It is the Virginia of my childhood, where summers are sultry and the house cooled with noisy box fans, the air always thick. Where plump, juicy tomatoes are plucked from backyard gardens and washed down with jugs of sweet tea. Where the roads are full of mud-caked Ford pickups, where children skip school at the start of hunting season and the region’s twice-weekly paper, the Farmville Herald, runs photos of them holding the prized bucks they score. Where nobody is a stranger for long. Where the back door is always unlocked and where neighbors are glad to lend a cup of sugar, where handwritten thank-you notes are expected, where people bring over a casserole or a plate of ham biscuits when a family member passes. Where the police seize stills of moonshine and cows escape their farms, blocking country roads. Where locals stare as if they’re mapping your face, trying to identify your kin. Where roots go back generations, where people never leave.

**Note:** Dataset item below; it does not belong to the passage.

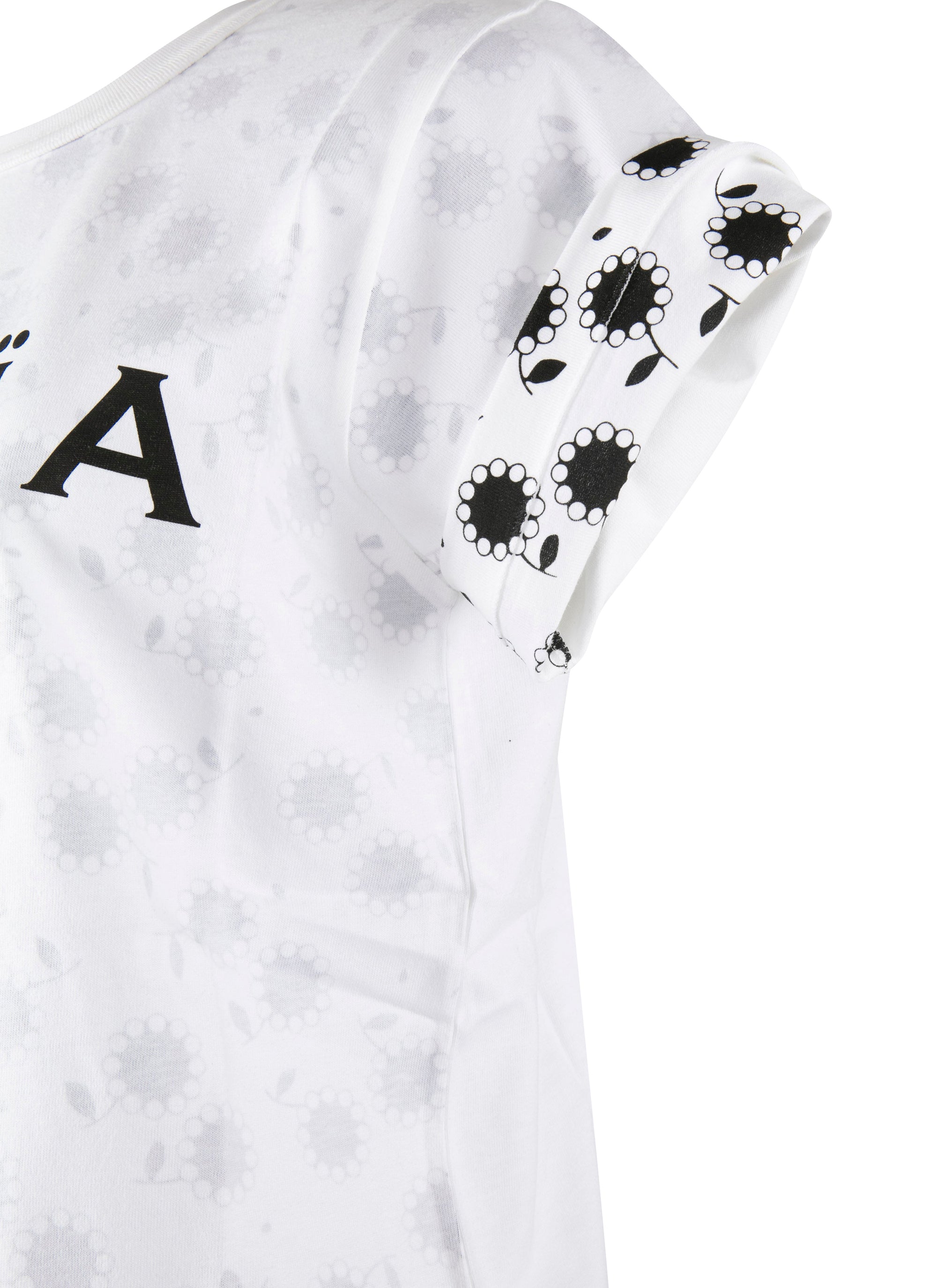 Alaïa logo T-shirt short sleeves - White & Black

Now a Hampton Inn sits at one entrance to town across the street from an eightplex theater, enormous brick buildings incongruously perched on formerly wide-open fields. A development of new condominiums has also popped up, seemingly out of nowhere, like a crop of corn. A smattering of auto body shops, tractor parts stores, and humble brick office buildings line this stretch of blacktop leading to town. Just down the road, the streets of downtown Farmville feel more cheerful, even quaint. Three blocks of brick buildings that date as far back as the 1800s have been mostly restored to preserve the town’s original character. With welcoming signs hanging from handsome lanterns and young trees planted in the medians, the quiet Main Street is charming. The gracious campus of the now coed Longwood, founded in 1839 as Farmville Female Seminary Association, sits blocks away.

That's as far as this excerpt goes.